_MATERIAL PROVIDED_
========================================================================
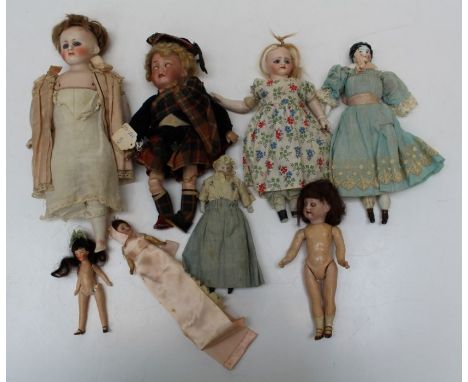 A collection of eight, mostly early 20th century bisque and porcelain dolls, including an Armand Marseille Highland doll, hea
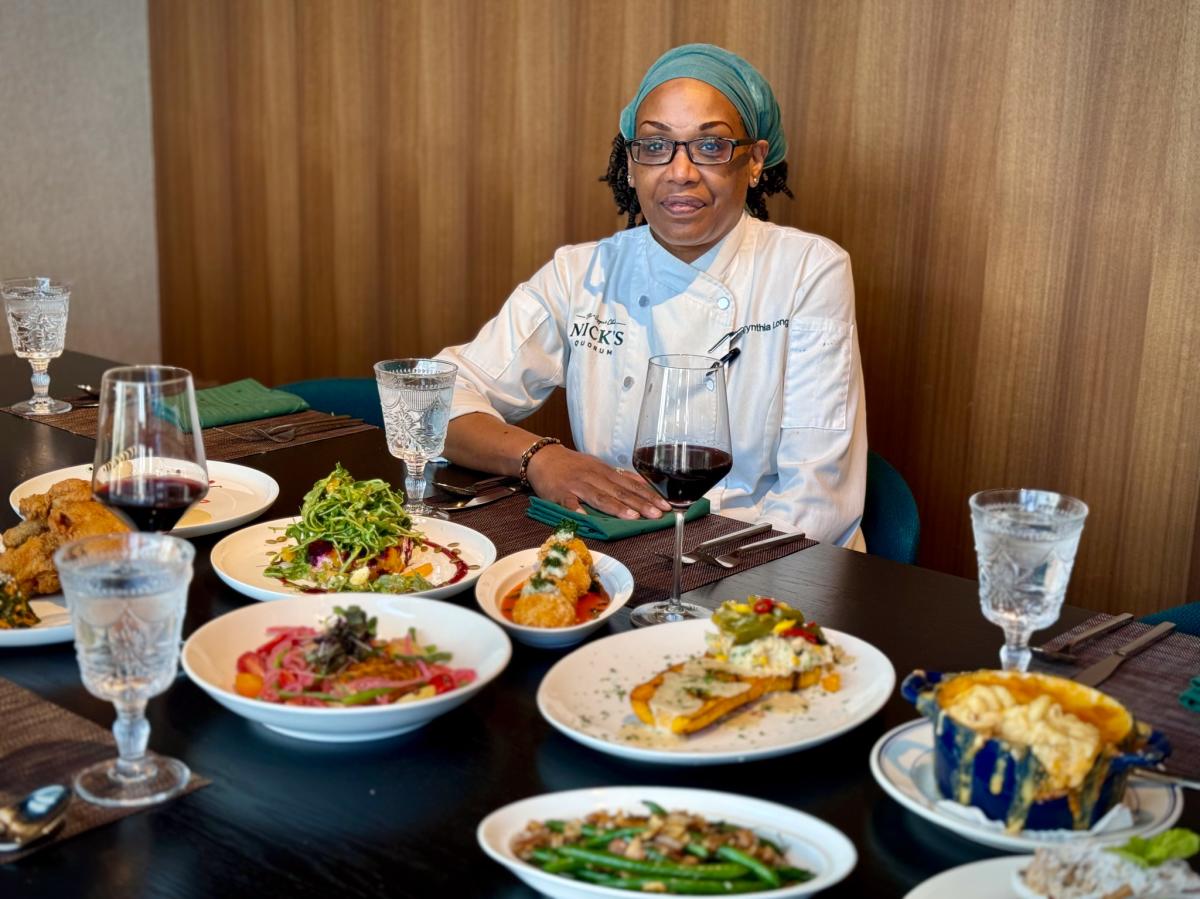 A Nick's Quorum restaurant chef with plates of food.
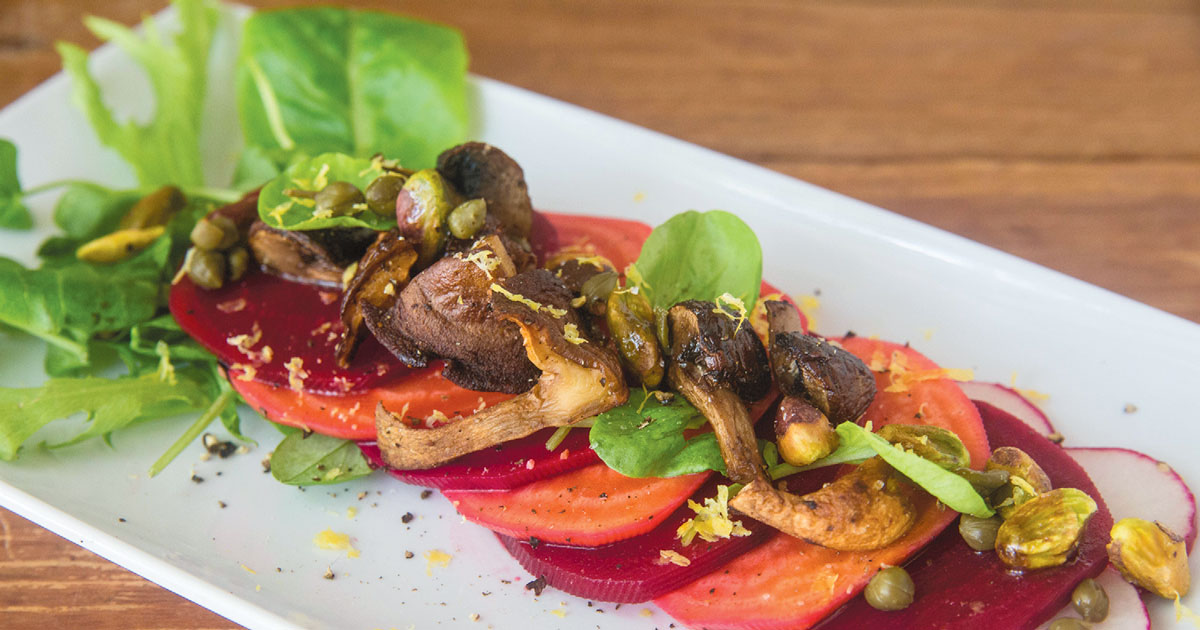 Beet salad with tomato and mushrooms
========================================================================
_ASSIGNMENT_
Any picture in the listing is to be omitted. Return exactly the lines from the one containing "A Nick's Quorum" through its last line, both included, and only those.

_ANSWER BELOW_
 A Nick's Quorum restaurant chef with plates of food.
 Beet salad with tomato and mushrooms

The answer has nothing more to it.